Just ring the garage where you bought it and they will give you the code. It happened to me and even though the car was several years old they still had it on record.


----------



## huskerdu (27 Apr 2011)

truthseeker said:


> I think its a throwback to the days when car radio theft was more common. If the radio got disconnected from the battery you needed the code to get it going again. So the thieves would end up with a radio that needed the correct code or to be recoded.



That was always my understanding. But this is only useful, if it is hard for a thief to get the code. If it is possible to get the code  on the internet, its fairly useless.


----------



## truthseeker (27 Apr 2011)

huskerdu said:


> That was always my understanding. But this is only useful, if it is hard for a thief to get the code. If it is possible to get the code on the internet, its fairly useless.


 
The internet wasnt around in the days when coding radios began so it would appear that the coding technology has become useless as a result of the information superhighway.


----------



## Frank (27 Apr 2011)

I managed to unlock a ford radio with info from google.

I had the correct security code.

Someone had eentered this wrong a few times.

The unlock was something like 

Ignition off 
Hold the 6
Ignition on keep holding the 6 button.

Maybe not 100% correct but very much as simple as this.

Had a similiar issue with an Opel vectra and similiar way to sort it.
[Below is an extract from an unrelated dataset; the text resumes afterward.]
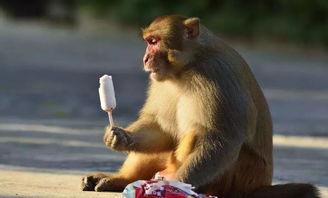 猴猴视频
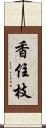 香住枝 Scroll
Get the radio model and get onto google.
No need to go to a shop or garage.


----------



## huskerdu (29 Apr 2011)

Frank said:


> I managed to unlock a ford radio with info from google.
> 
> I had the correct security code.
> 
> ...



The instructiosn to unlock can be found in the manual for the car, its getting the security code that is the issue.


----------



## Frank (29 Apr 2011)

You can get the security code from ford dealers.
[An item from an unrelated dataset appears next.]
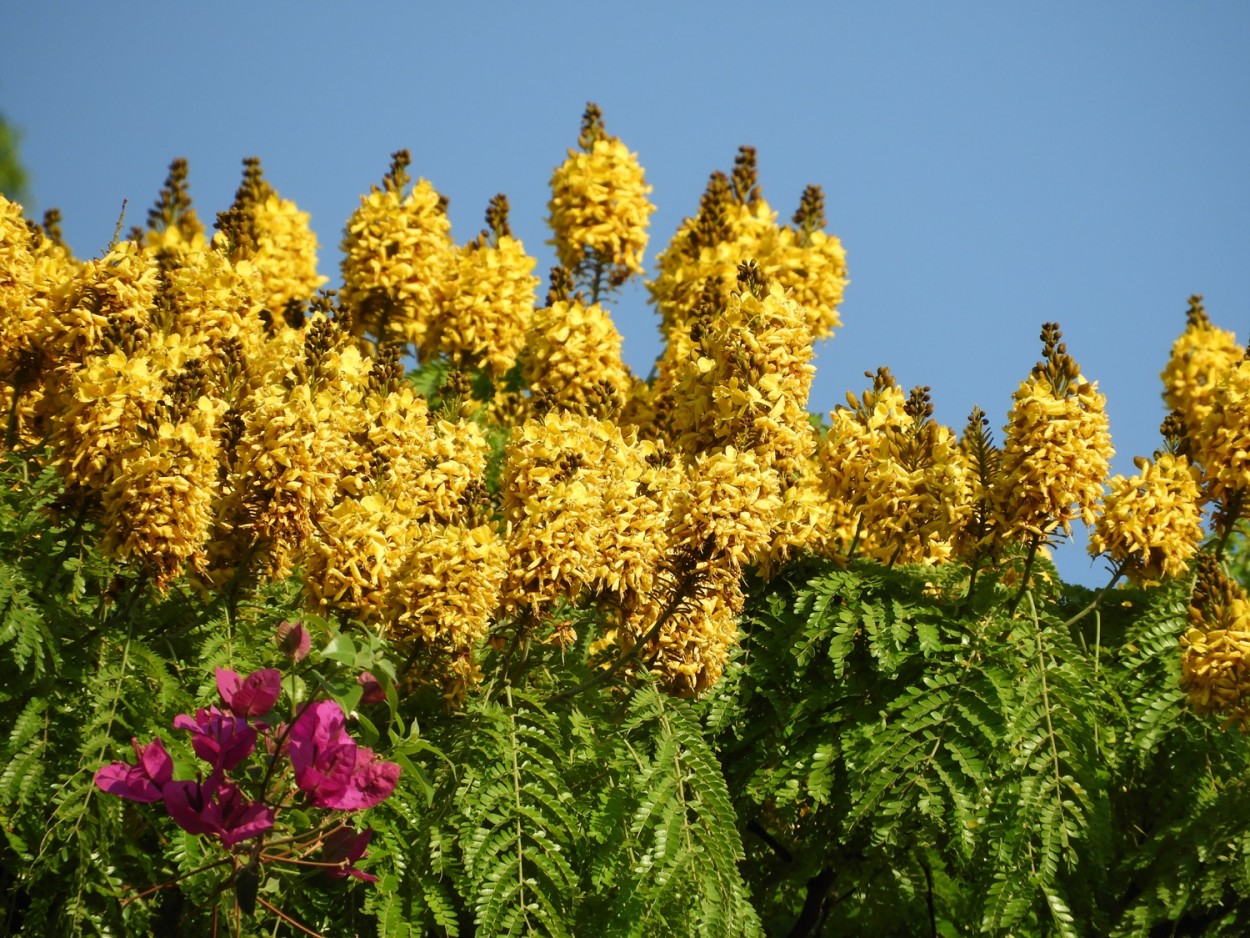 "As flores da Sibipiruna e uma flor da Primavera" de Decio Badari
Take out the radio get the serial no. and the model 
Give them the info.

I managed to get this over the phone for one of the work vans.

The radio manual won't explain how to get over the problem of the radio being locked after someone has put in the wrong code too many times.

But there is a way for all the ones I have come accross so far.

One was a mates car. The other was a loaner from the garage we use in work.

The amount of driving and hate of a lack of a radio motivated the effort on the second one.


----------



## SISSOKO (6 May 2011)

underside of the ashtray have a look..............
Thats where i got mine ford mondeo.......


----------